• **Task description**:
Set out exactly every line of the entries below, starting at the line that holds "Proiectarea unei cutii" and stopping after the line that holds "The Sycamores".
** The data follows **
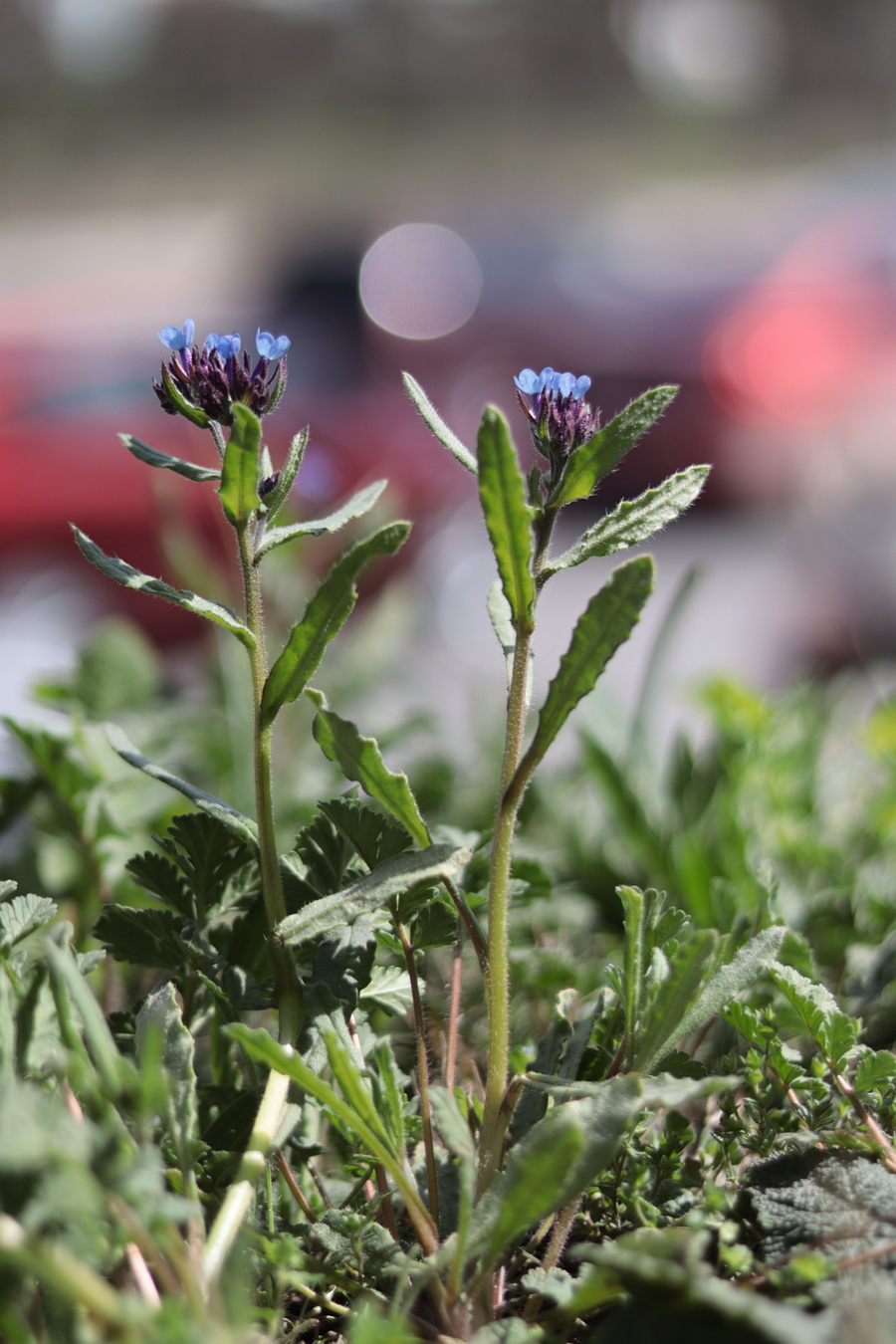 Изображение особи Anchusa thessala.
** End of The data **
** The data follows **
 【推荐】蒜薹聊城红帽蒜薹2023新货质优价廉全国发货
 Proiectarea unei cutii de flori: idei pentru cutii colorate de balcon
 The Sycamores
** End of The data **
• **Result**:
 Proiectarea unei cutii de flori: idei pentru cutii colorate de balcon
 The Sycamores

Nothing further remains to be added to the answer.